Even the Global Fund, built on the principle of 'national ownership', is caught in this trap: not one South Sudanese pound from HIV funding to the country was invested in local civil society this year. The vision and the symbolism of the Alliance for Community Health Initiatives (ACHI) - a local CBO and our independent linking organisation in South Sudan which has been seven years in the making - is radical due to its rarity in the world's youngest country.

The HIV conversation that took me to Juba was overshadowed on day two by a much louder conversation and a sense of crisis: a 50% devaluation of the South Sudanese pound had been announced. A public outcry followed, the government backtracked and the governor of the Central Bank was summoned by Parliament to explain. International partners were outraged as this had been agreed as a critical step in the overall cooperation framework.

The African Union chose South Sudan to deliver its message to mark World AIDS Day on December 1st. It was a message that put African responsibility at the centre of the HIV response and the necessary global solidarity in the background. It didn't quite acknowledge that strengthening civil society is not a luxury but a necessary part of nation building.

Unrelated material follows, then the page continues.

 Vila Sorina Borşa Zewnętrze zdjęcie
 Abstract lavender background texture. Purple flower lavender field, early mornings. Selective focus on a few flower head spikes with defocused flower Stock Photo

What this country needs, what this HIV response needs, is hard work, respect, trust and investment in a cadre of old and young South Sudanese leaders - those who stayed, those who left and have come back - to rebuild the country's government, private sector and an empowered civil society. I'm proud that we are doing that through supporting ACHI, and through them in turn a group of nascent community based organisations. But this needs to become the norm, not the exception. Other strategies might seem less risky in the short term, but we know they don't work in the long run. As a brilliant colleague from the ministry of health told me during the visit: "peace and stability, they are challenging... but independence? Ah that's a much longer battle".